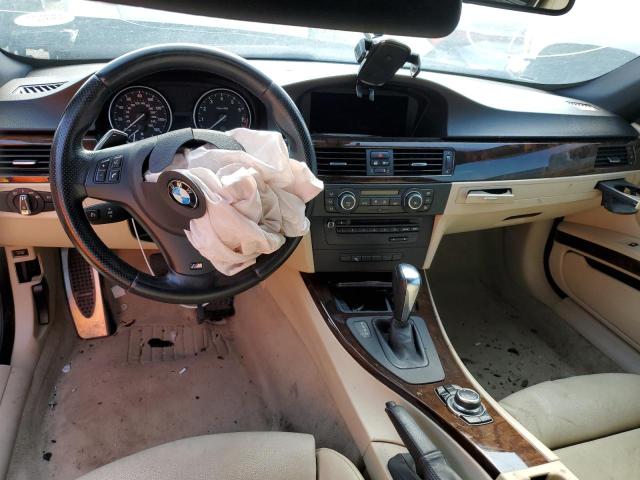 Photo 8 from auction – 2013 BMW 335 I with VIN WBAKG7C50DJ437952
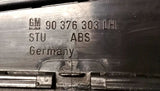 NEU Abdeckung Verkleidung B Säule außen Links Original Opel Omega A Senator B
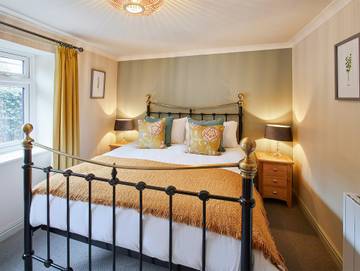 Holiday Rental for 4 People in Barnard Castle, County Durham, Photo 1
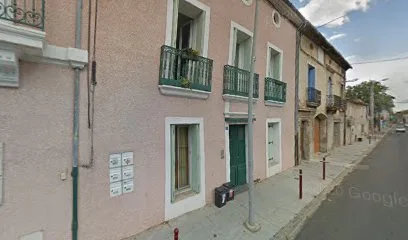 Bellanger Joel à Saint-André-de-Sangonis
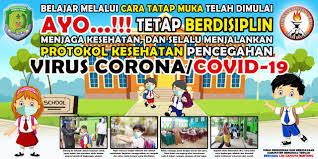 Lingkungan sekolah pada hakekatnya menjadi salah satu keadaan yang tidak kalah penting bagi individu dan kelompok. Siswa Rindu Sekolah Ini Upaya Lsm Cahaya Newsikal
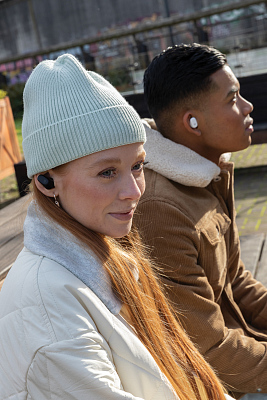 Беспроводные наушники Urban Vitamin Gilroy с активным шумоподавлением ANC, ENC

# # # # # # #

> **BRIEF**:
When you come to the line containing "NEU Abdeckung Verkleidung" in the records above, repeat that line and all lines after it exactly, but not the pictures.

> **PROBLEM SOLUTION**:
 NEU Abdeckung Verkleidung B Säule außen Links Original Opel Omega A Senator B
 Holiday Rental for 4 People in Barnard Castle, County Durham, Photo 1
 Bellanger Joel à Saint-André-de-Sangonis
 Lingkungan sekolah pada hakekatnya menjadi salah satu keadaan yang tidak kalah penting bagi individu dan kelompok. Siswa Rindu Sekolah Ini Upaya Lsm Cahaya Newsikal
 Беспроводные наушники Urban Vitamin Gilroy с активным шумоподавлением ANC, ENC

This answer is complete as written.